Additionally, be sure not to unintentionally place security credentials such as passwords and private keys in a version control system where it may be accessed by others.
To learn about local software options consult IT Services at Brandon University. They can inform you how frequently backups occur.
Pros: As a local service option in BU, there are fewer concerns around storing data in countries that may have practices that differs from Canada when it comes to privacy and security.
Cons: Backup will likely not be real time in regards to versioning.
Drive's word processing, spreadsheet, and presentation software automatically create versions as you edit.
Pros: The real-time editing feature means that Google Drive works well for collaborating on files with multiple people.
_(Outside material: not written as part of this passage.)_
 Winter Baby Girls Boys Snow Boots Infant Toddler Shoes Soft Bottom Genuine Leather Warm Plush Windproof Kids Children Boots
And because the files are on Google Drive, they are accessible from anywhere.
Cons: You are restricted to the software provided by Google, which may not have all the bells and whistles of your desktop word processing, spreadsheet, or presentation software.
If you have more sophisticated version control needs, you might consider a distributed version control system like git. Files are kept in a repository and users clone copies of the repository for editing and commit changes back to the repository when they are done.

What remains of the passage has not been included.